Save integer array in hexadecimal format to a char "string"

Question

I have this code which generates an HMAC with a SHA384 hash. It uses openssl.

HMAC_CTX ctx;
HMAC_CTX_init(&ctx);

HMAC_Init_ex(&ctx, api_secret, (int)strlen(api_secret), EVP_sha384(), NULL);
HMAC_Update(&ctx, (unsigned char*)&encoded_payload, strlen(encoded_payload));
HMAC_Final(&ctx, result, &len);
HMAC_CTX_cleanup(&ctx);

for (int i = 0; i != len; i++)
    printf("%02x", (unsigned int)result[i]);

So, as you can see, the hash is stored inside the result array. The printf loop is used to print each single unit in the array, converted to hexadecimal.
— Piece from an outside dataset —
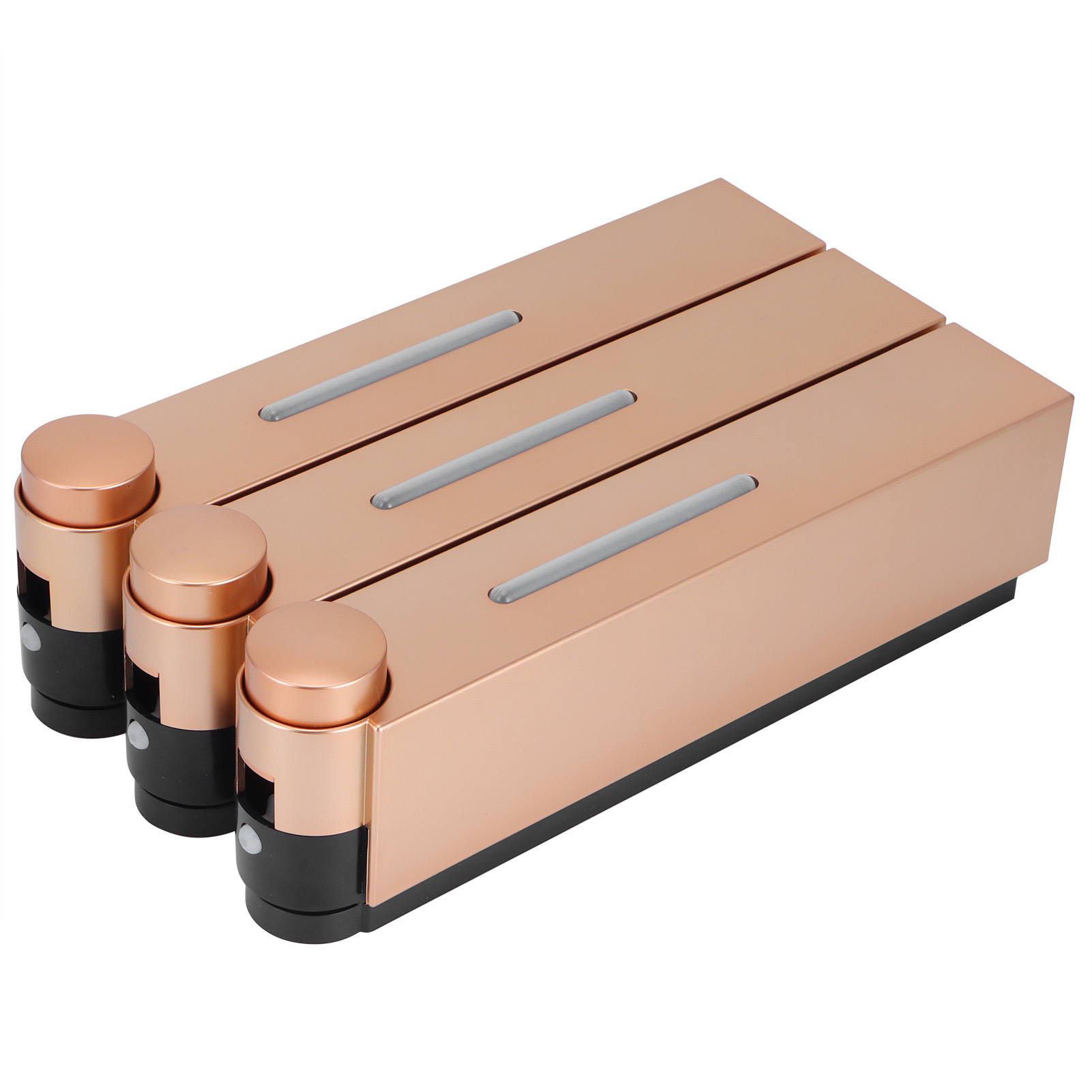 Wandmontierter Flüssigseifenspender 420 Ml X3 Für Bad Und Küche, Goldfarben.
I need to store the printed hexadecimal string in a char variable. How can i do this? Thanks in advance!

Answer 1

1^st allocate the space needed for the whole hash's "string" representation:

• From C99 on this could be done using a VLA:

  char str[2*len + 1] = "";
  

• Or just allocate it dynamically:

  char * str = calloc(2*len + 1, sizeof(*str));
  

Then use sprintf() to get the single bytes' representions and just concatenate them:

for (size_t i = 0; i < len; ++i)
{
  char tmp[3];
  /* Use the hh length modifier, together with casting to a character to make sure to
     NOT overflow tmp. */
  sprintf(tmp, "%02hhx", (unsigned char) result[i]);
  strcat(str, tmp);
}

If having used dynamic allocation do not forget the free the memory allocated to s if not needed anymore:

free(str);